Your response is a verbatim copy of the listing, stripped of its images.

[Opening Supplied entries section]

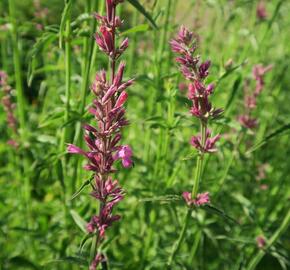 Agastache mexická 'Lime' - Agastache mexicana 'Lime'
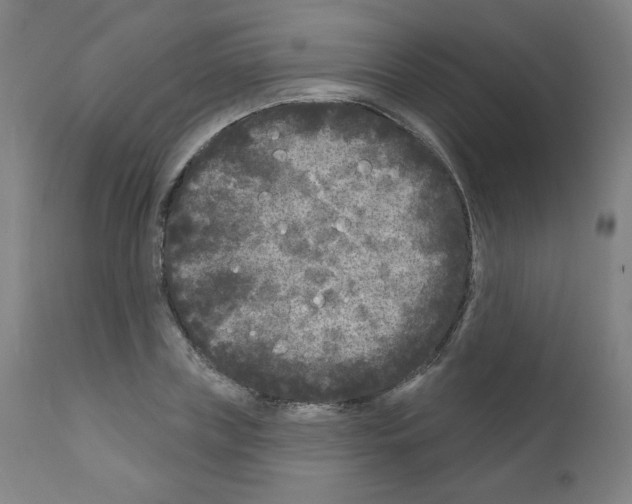 X0000110940835200907311014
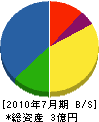 瀧川寺社建築 貸借対照表 2010年7月期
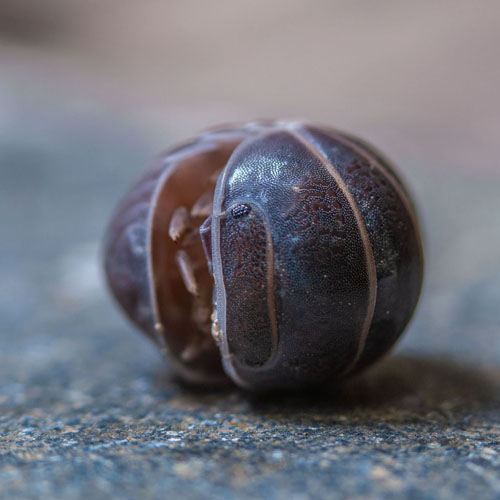 Woodlouse landshrimp being a ball
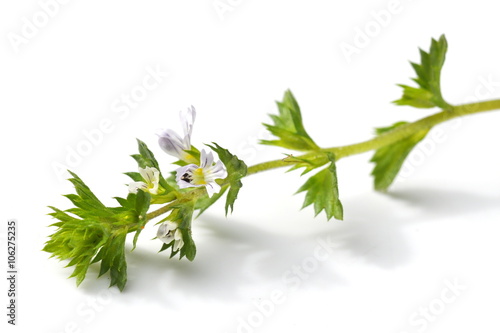 The small herb eyebright on white background photo
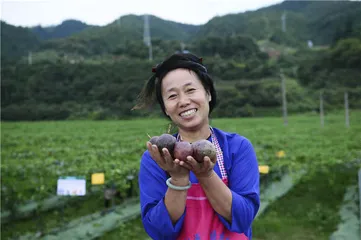 榕江脱贫：搬离大山后的新生活8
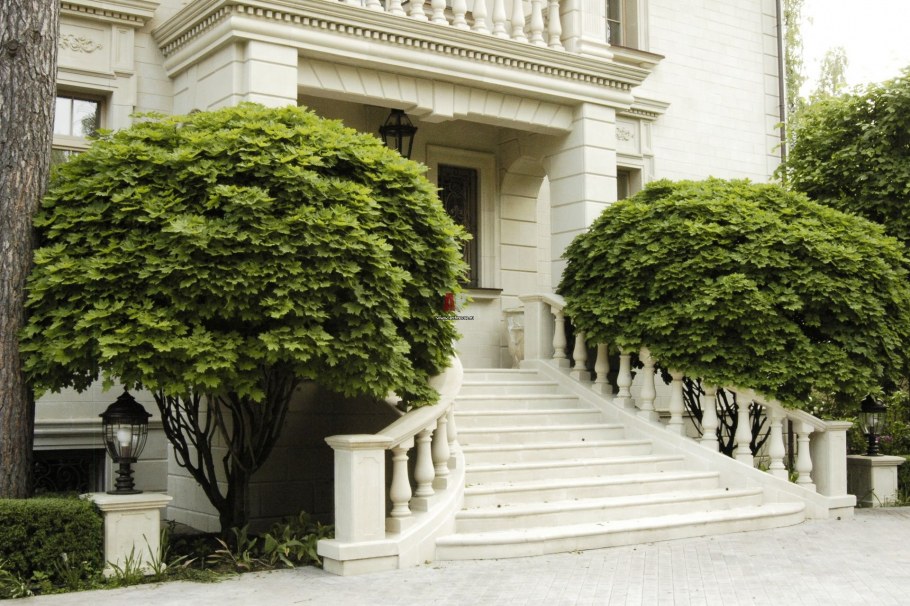 Il nature Гривко классический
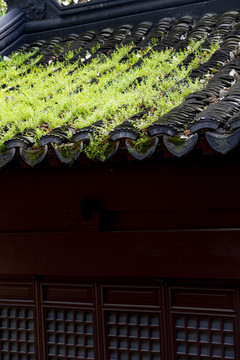 屋檐上的青草叶子植物春夏天
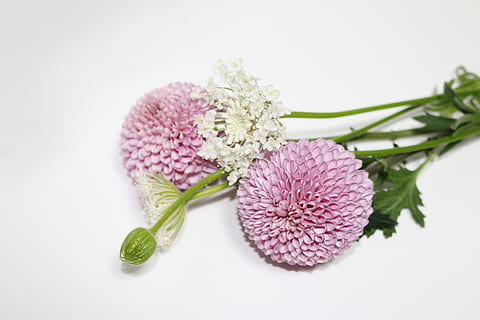 婚礼策划要注重什么 婚礼策划应该注意些什么，应该避讳些什么？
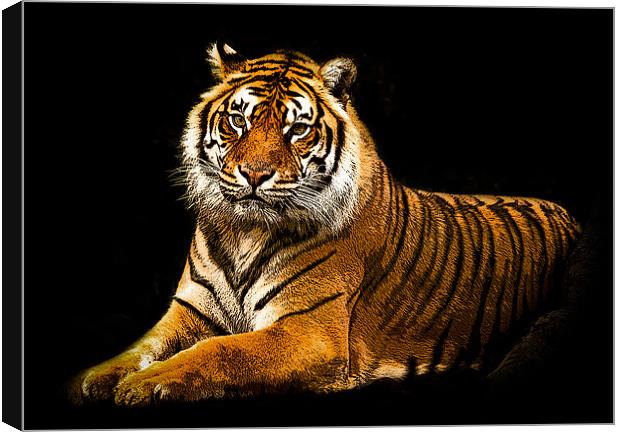 Posterized Tiger 3 Canvas Print by Tom Reed
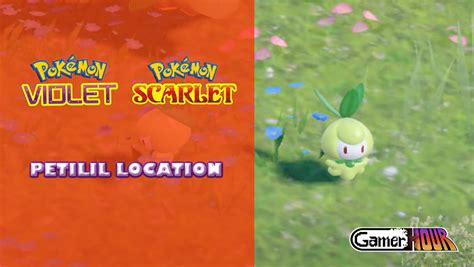 Pokemon Scarlet & Violet: Petilil Location - GamerHour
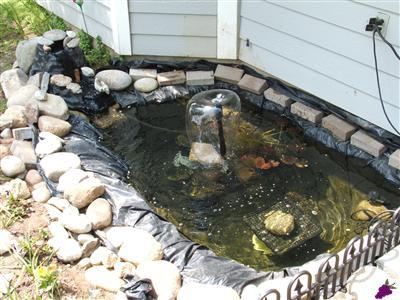31618 Delaware Road Coarsegold, CA 93614 - Photo 6 of 6 Little koi pond by front entry.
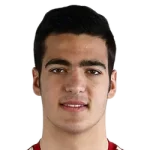 Mikel Merino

[Closing Supplied entries section]

- Response area
 Agastache mexická 'Lime' - Agastache mexicana 'Lime'
 X0000110940835200907311014
 瀧川寺社建築 貸借対照表 2010年7月期
 Woodlouse landshrimp being a ball
 The small herb eyebright on white background photo
 榕江脱贫：搬离大山后的新生活8
 Il nature Гривко классический
 屋檐上的青草叶子植物春夏天
 婚礼策划要注重什么 婚礼策划应该注意些什么，应该避讳些什么？
 Posterized Tiger 3 Canvas Print by Tom Reed
 Pokemon Scarlet & Violet: Petilil Location - GamerHour
31618 Delaware Road Coarsegold, CA 93614 - Photo 6 of 6 Little koi pond by front entry.
 Mikel Merino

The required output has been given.